Important: This notebook is not guaranteed to work without modification. It’s a while since I wrote this and haven’t tested it since. For a summary of this project see Engine knock detection AI part 5/5

Setup

Basics

Since this ran on Google Colab and the audio files are in a Drive folder, Google Drive is first mounted.

from google.colab import drive
drive.mount('/content/gdrive', force_remount=True)
root_dir = "/content/gdrive/My Drive/"
base_dir = root_dir + 'Colab Notebooks/fast.ai/KnockKnock/data/' # /content/gdrive/My Drive/Colab Notebooks/fast.ai/data/

Go to this URL in a browser: https://accounts.google.com/o/oauth2/auth?client_id=947318989803-6bn6qk8qdgf4n4g3pfee6491hc0brc4i.apps.googleusercontent.com&redirect_uri=urn%3Aietf%3Awg%3Aoauth%3A2.0%3Aoob&scope=email%20https%3A%2F%2Fwww.googleapis.com%2Fauth%2Fdocs.test%20https%3A%2F%2Fwww.googleapis.com%2Fauth%2Fdrive%20https%3A%2F%2Fwww.googleapis.com%2Fauth%2Fdrive.photos.readonly%20https%3A%2F%2Fwww.googleapis.com%2Fauth%2Fpeopleapi.readonly&response_type=code

Enter your authorization code:
··········
Mounted at /content/gdrive

Importing the needed modules. Librosa is used for spectral decomposition.

from __future__ import print_function
import numpy as np
import matplotlib.pyplot as plt

import librosa
import librosa.display

import IPython.display as ipd

Selecting an audiofile to experiment on.

audiofile_path = base_dir+'knocking/0005.wav'

Loading the audiofile

Load two seconds of audio from the specified file. The load function returns both the data, y, and information on the sample rate, sr.

y, sr = librosa.load(audiofile_path,
                     duration=2,
                     offset=0)

Pre-processing audio

Calculate the Short-time Fourier transform using the stft function and perform Median-filtering harmonic percussive source separation with the decompose.hpss function.

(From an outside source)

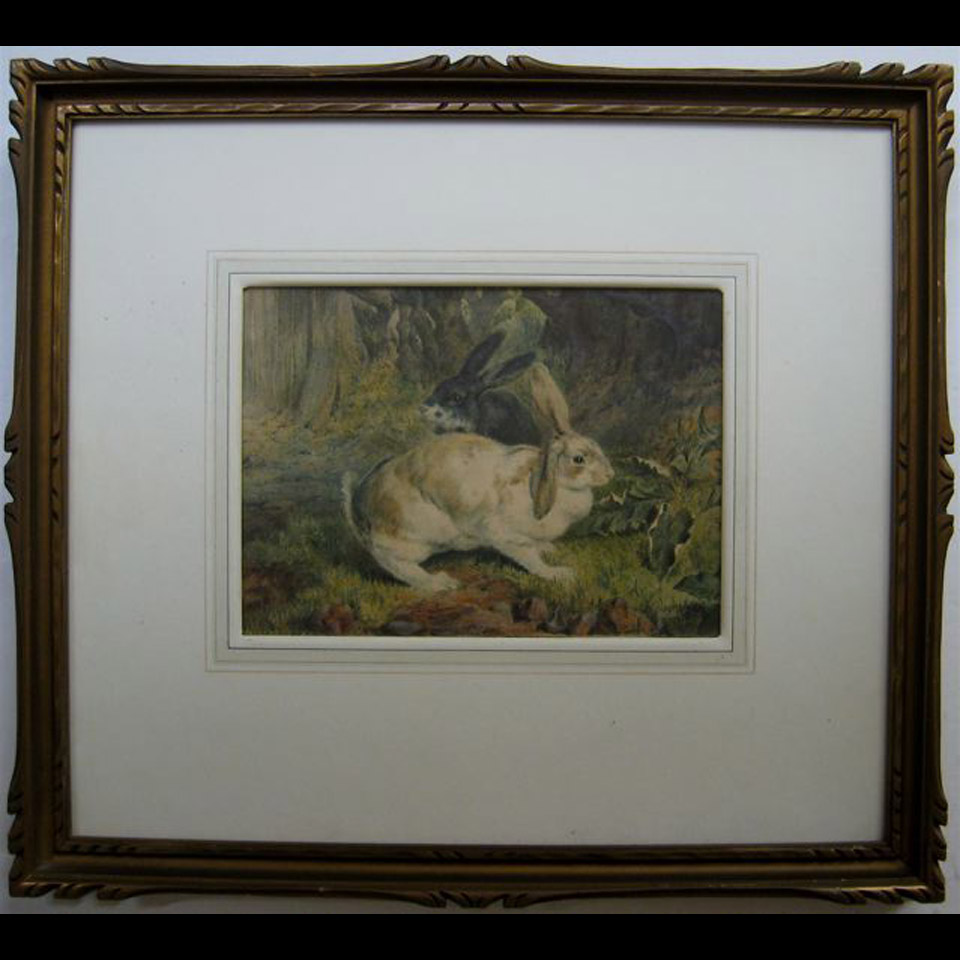 Appraisal: RABBITS IN A WOOD ATTRIBUTED TO A M WILLIAMS TH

Sounds real fancy but the gist of it is that the latter function attempts to split the audio into harmonic and percussive elements. As the sound one is listening for when determining if an engine is knocking is more of a percussive or transient kind, this will make it easier to train the classifier model.

D = librosa.stft(y)
D_harmonic, D_percussive = librosa.decompose.hpss(D)

Examining results

Plot the spectrograms of the original, harmonic and percussive content. Even though the knocking is visible in the full spectrogram it is a lot clearer in the percussive one.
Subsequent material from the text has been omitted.